=== Begin Enclosure ===
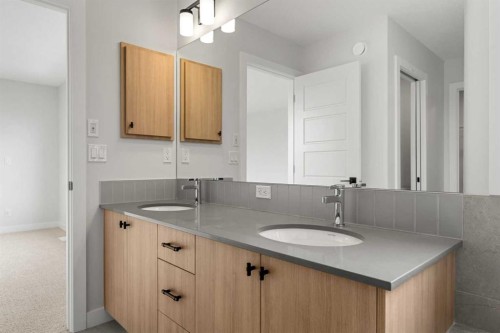 192 Belmont Place Sw, Calgary, AB - Indoor Photo Showing Bathroom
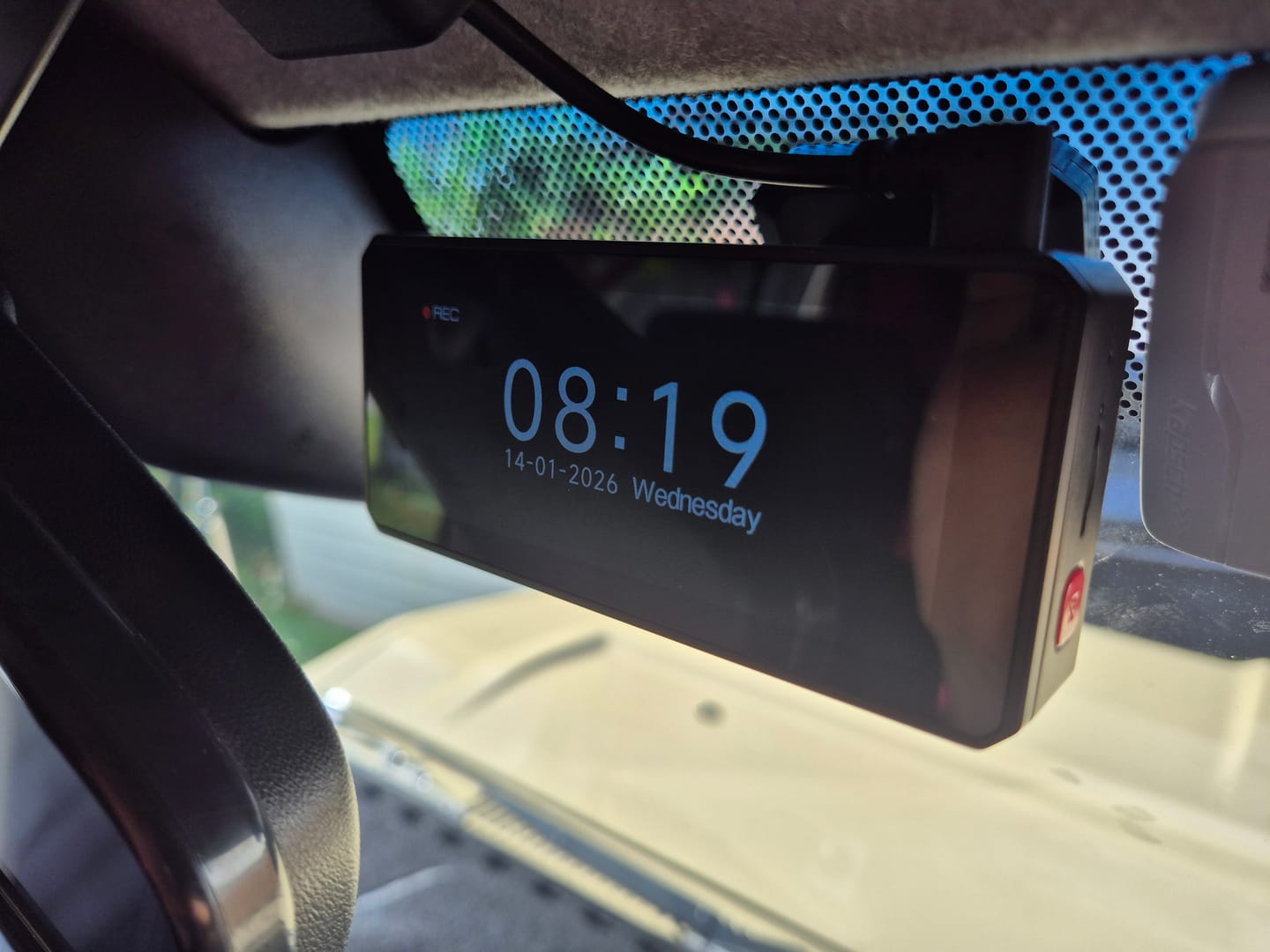 Customer photo review of F77 STARVIS 2 4K+4K Dual IMX678 Voice Control 5.8GHz High Speed WIFI Dash Cam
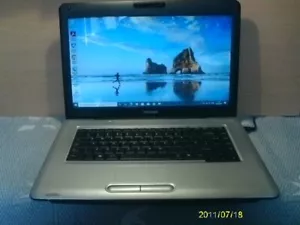 Toshiba Sat L450D-113 Laptop, 256GB SSD, Windows 10 Pro. 4gb RAM,(Ref;E246) - Picture 1 of 8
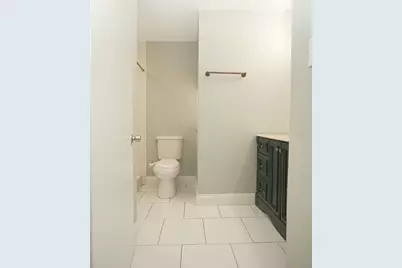 916 E 25th Avenue, Tampa, FL 33605 - Photo 15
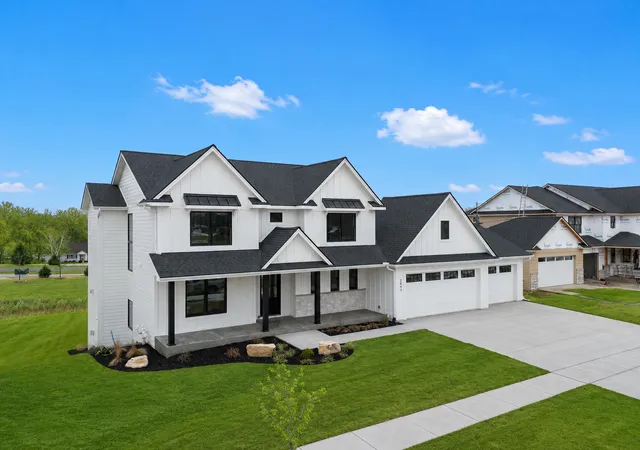Photo 2 of Single family home for sale at 2643 Timber Oaks Rd Sw, Rochester, MN 55902 | MLS# 7021101 | Listing updated on 2026-09-08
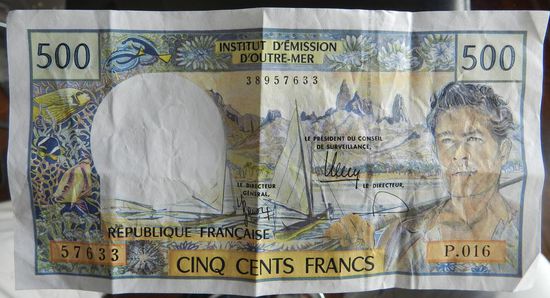 ... und es gibt ihn doch noch, den französischen Franc. In dem überformatigen und dünnen, knisternden Papier, wie ich ihn von früheren Frankreichbesuchen vor der Eurozeit her kannte. Allerdings ist dieser XPF nur in den französischen Überseegebieten der Südsee gültig.
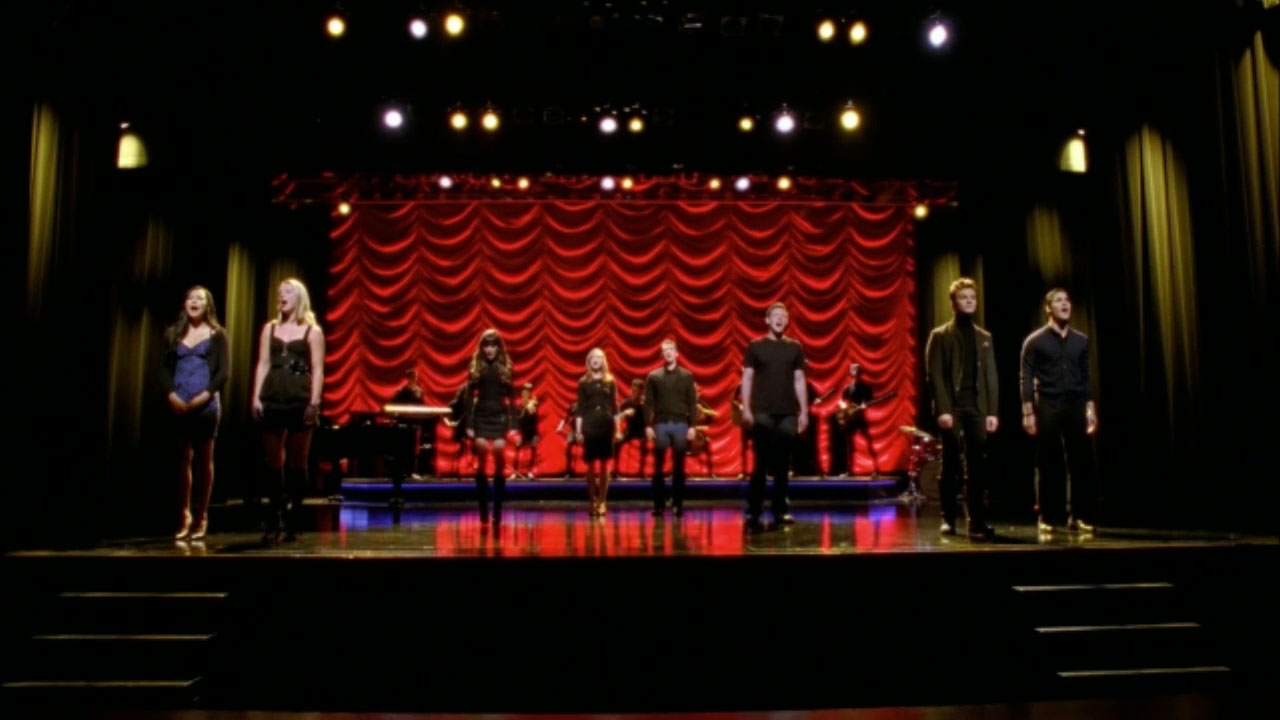 http://images2.wikia.nocookie.net/__cb20121006150233/glee/images/6/6f/Shot0713.png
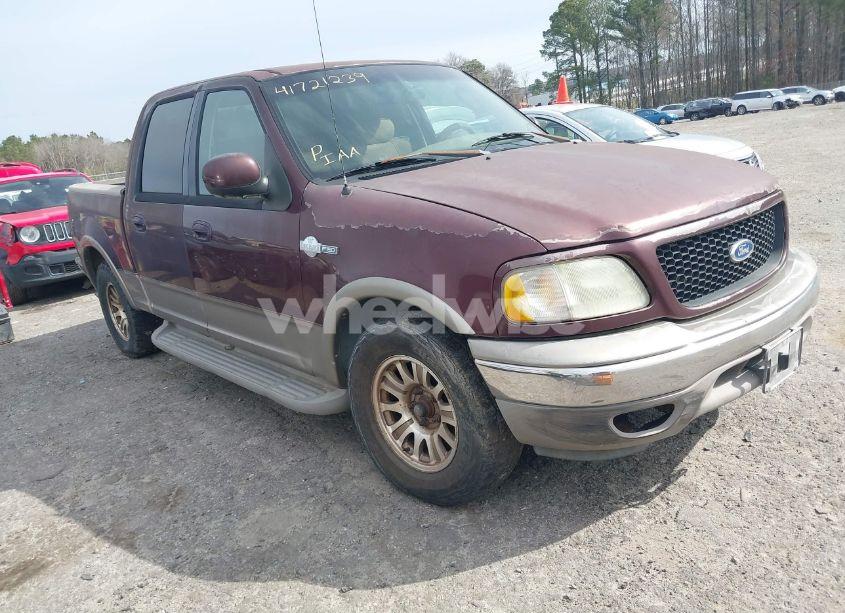 2002 Ford F-150 LARIAT/XLT (VIN 1FTRW07642KD74652) main photo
=== End Enclosure ===
Instructions to follow -> Your answer must be exactly the lines from the one containing "der Südsee gültig." through the last line of the records above, both included, with every picture left out.

Task answer ->
 ... und es gibt ihn doch noch, den französischen Franc. In dem überformatigen und dünnen, knisternden Papier, wie ich ihn von früheren Frankreichbesuchen vor der Eurozeit her kannte. Allerdings ist dieser XPF nur in den französischen Überseegebieten der Südsee gültig.
 http://images2.wikia.nocookie.net/__cb20121006150233/glee/images/6/6f/Shot0713.png
 2002 Ford F-150 LARIAT/XLT (VIN 1FTRW07642KD74652) main photo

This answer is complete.